= Ray of Light Theatre =

Theater Company

Ray of Light Theatre is a musical theatre company in San Francisco, California. It performs at The Barbary Stage in Jackson Square.

==History==
Ray of Light Theatre was founded by artistic director Shane Ray and board co-chair Adrienne Abrams in 2000.

Production highlights & honors:

In 2005, 2 Broke Girls star Beth Behrs appeared as Sandy Dumbrowski in the musical Grease.

In 2005, ROLT produced Bat Boy: The Musical, directed by James Monroe Iglehart.

In 2009, the month-long run of The Who's Tommy garnered six Bay Area Theatre Critics Circle Awards (of eleven nods).

In 2011, the ROLT production of Assassins was nominated for 13 BATCC awards, winning 8, including Best Musical.

In 2012, the ROLT production of Sweeney Todd was nominated for 6 BATCC awards, winning best featured actress.

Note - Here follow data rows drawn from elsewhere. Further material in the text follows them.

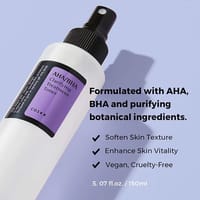 Cosrx AHA/BHA Clarifying Treatment Toner – 150ml_img_2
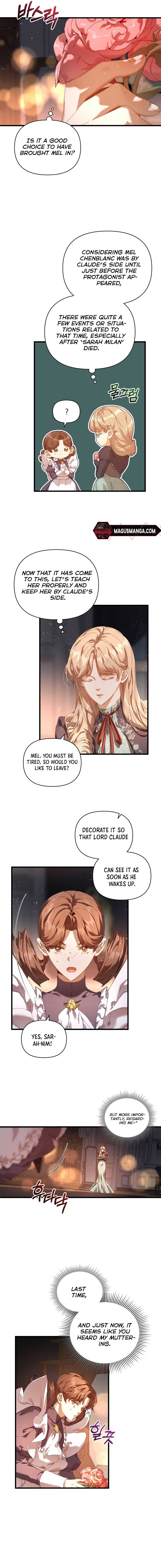 I’m the Villainous Male Lead’s Terminally Ill Nanny Chapter 18 - Chapter 18 Page 9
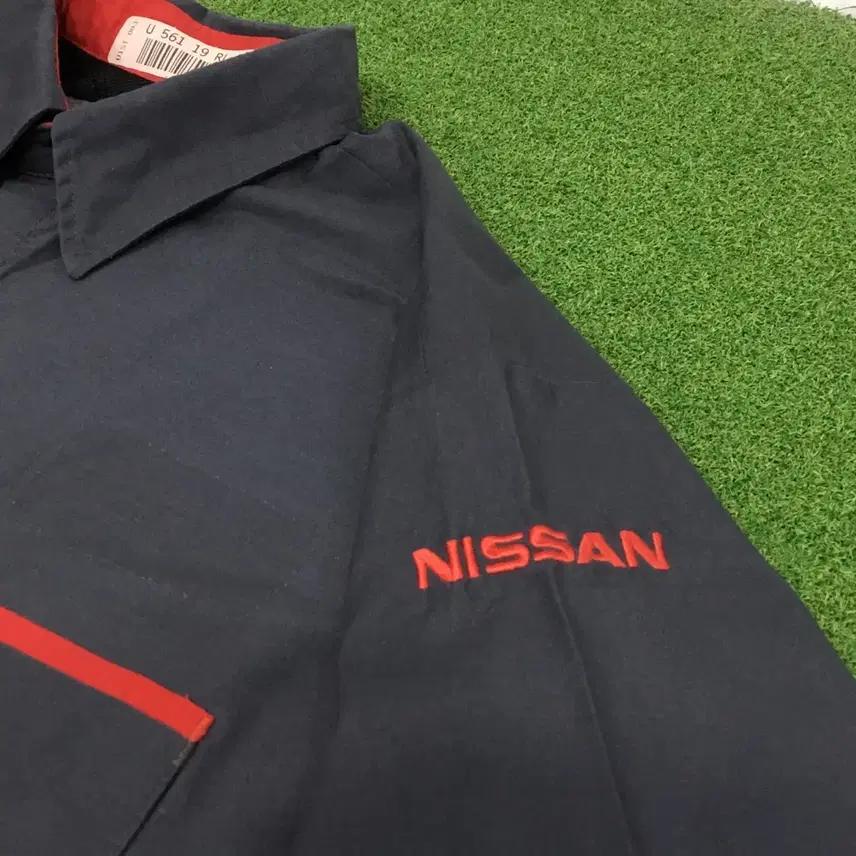 redcap 레드캡 빈티지 반팔 워크셔츠 (XL) 3
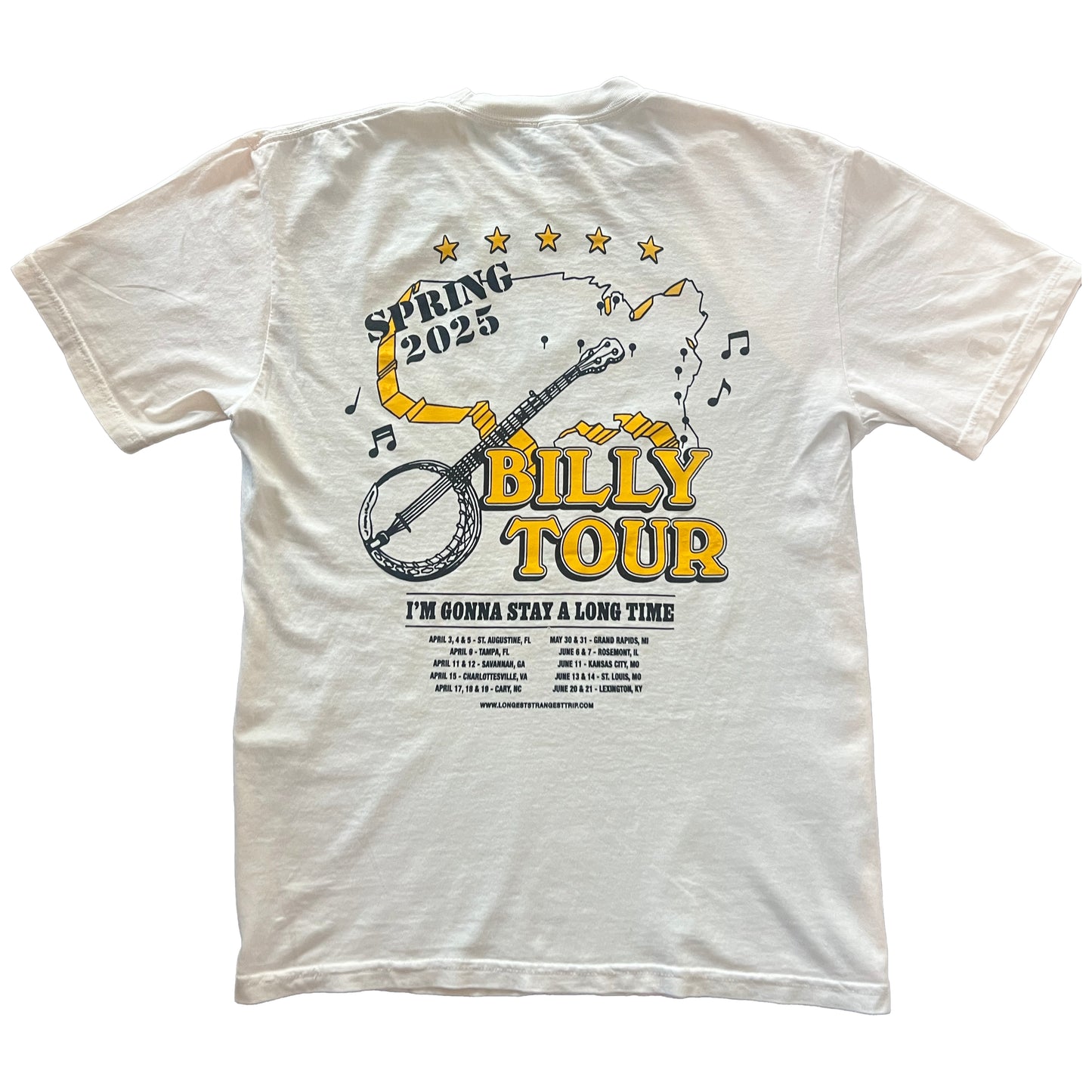 Slow Train Shirt (Ivory)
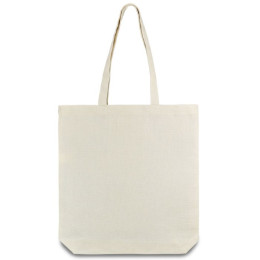 Эко-сумка из хлопка (39х41х8 (дно) см) 210г/кв.м Украинского производства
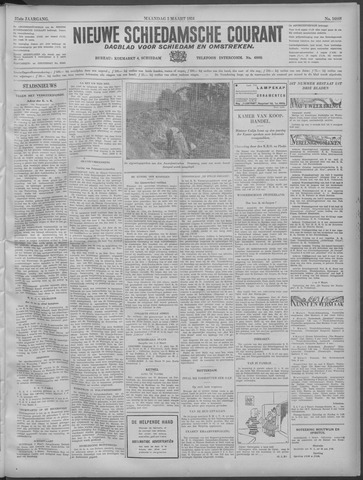 Nieuwe Schiedamsche Courant 1934-03-05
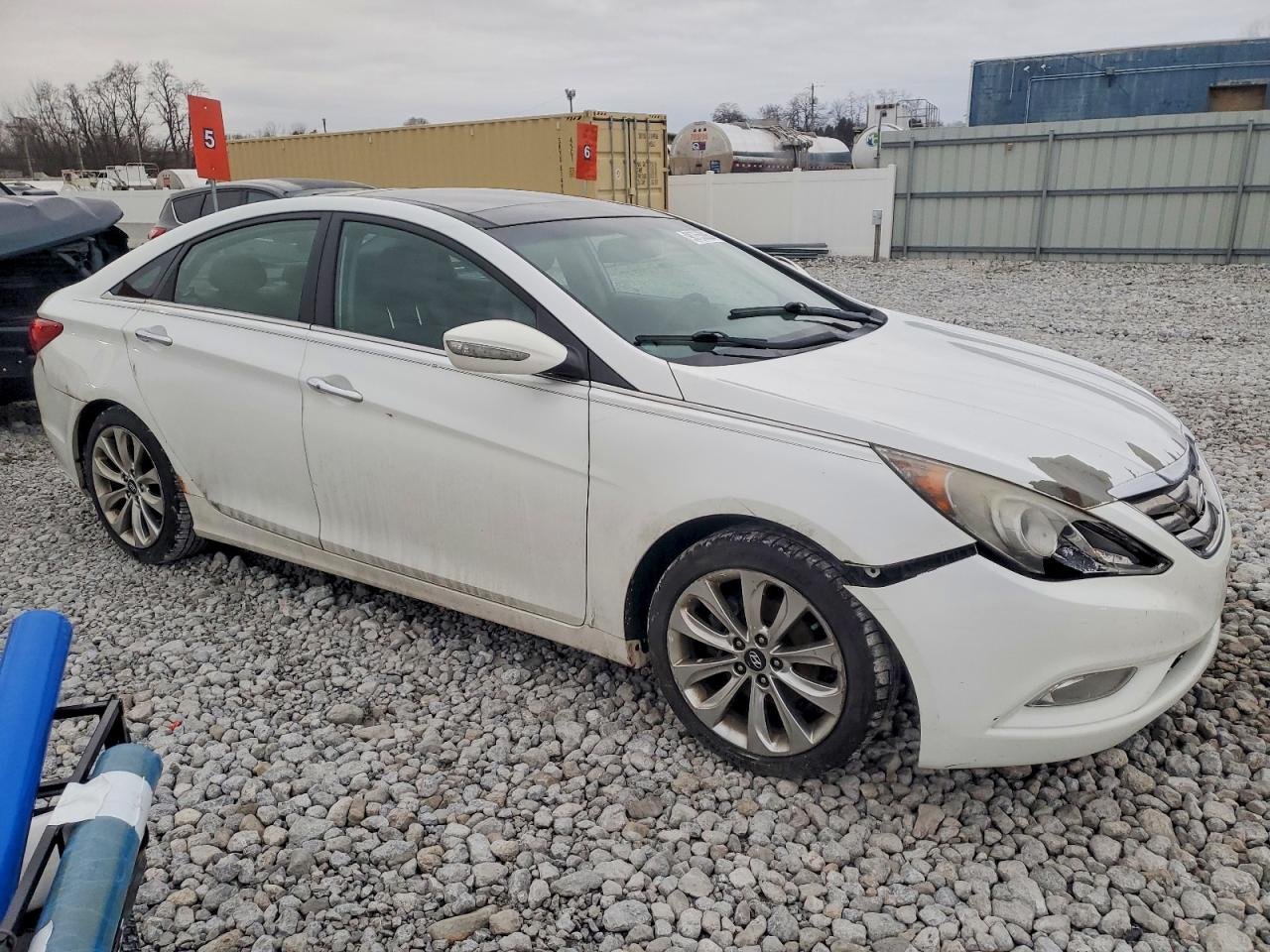 2012 HYUNDAI SONATA SE photo 4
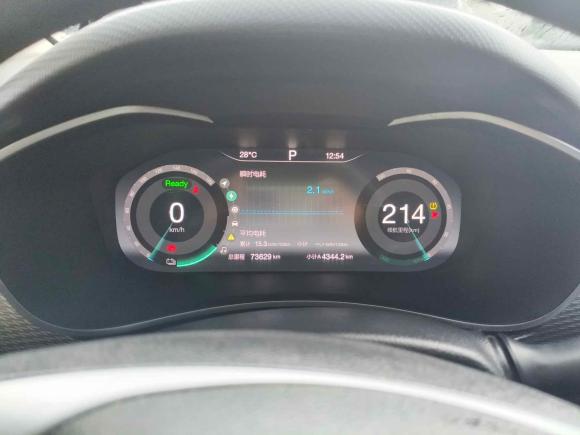 [杭州·浙A] 二手北京汽车北京EU52018款 R500 智风版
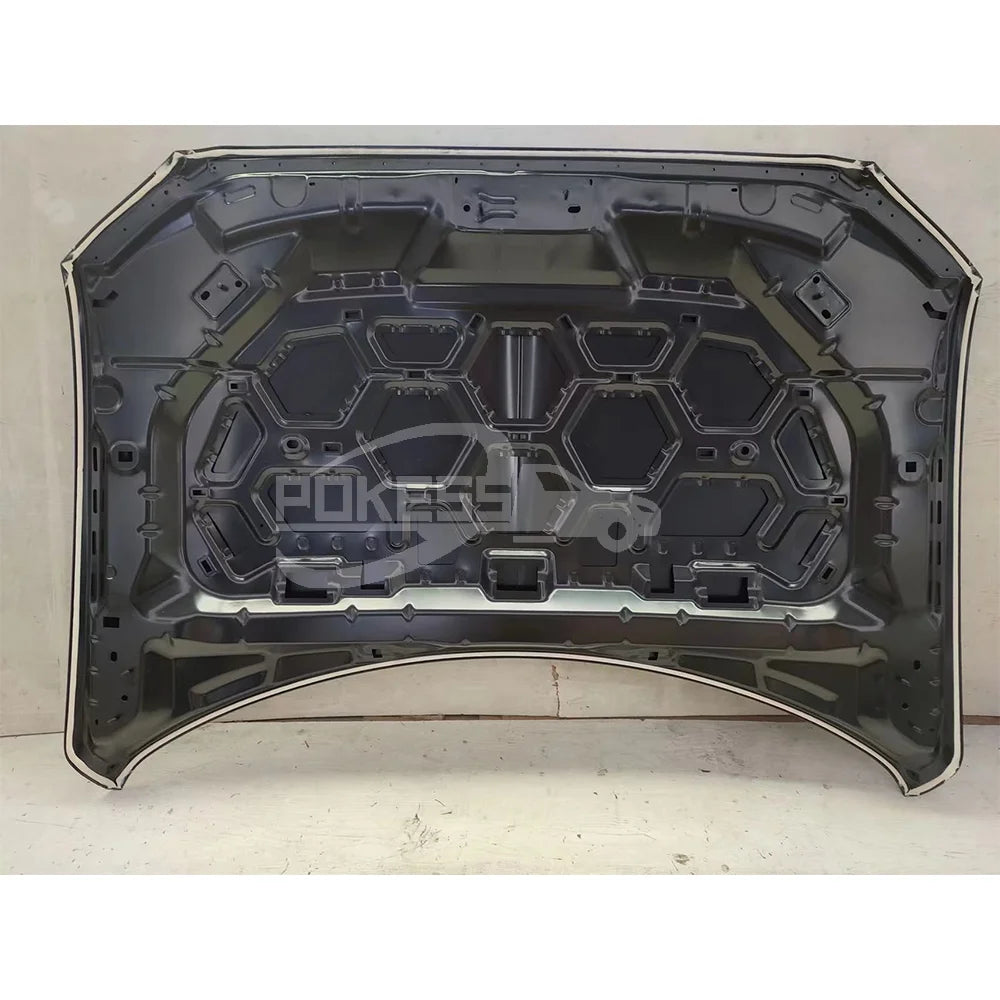 POKESS Engine Hoods KA1Z16612A KA1Z16612B KA1BR16612AG Iron Car Hood Cover for Lincoln CD9 19-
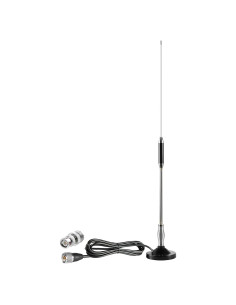 Kit de Antena CB Eifagur 27MHz con Montaje Magnético 3m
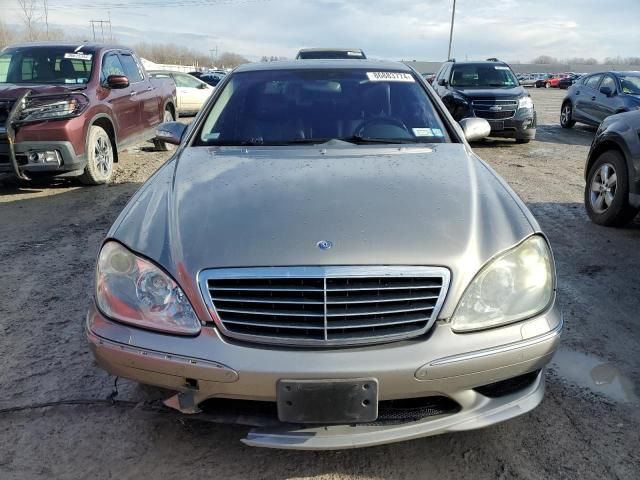 2003 Mercedes-Benz S 500 4matic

In 2015, ROLT produced the Bay Area Premiere of Heathers the Musical and worked with writers Tim Maner, Steven Cheslik-deMeyer and Alan Stevens Hewitt on producing Lizzie the Musical. In the 2016 season ROLT received good reviews in the San Francisco Chronicle for The Wild Party (Lippa Musical). The same paper's critic praised the 2024 production of Legally Blonde, presenting it as an example for a "fluffy musical" that nonetheless communicates "a key political point."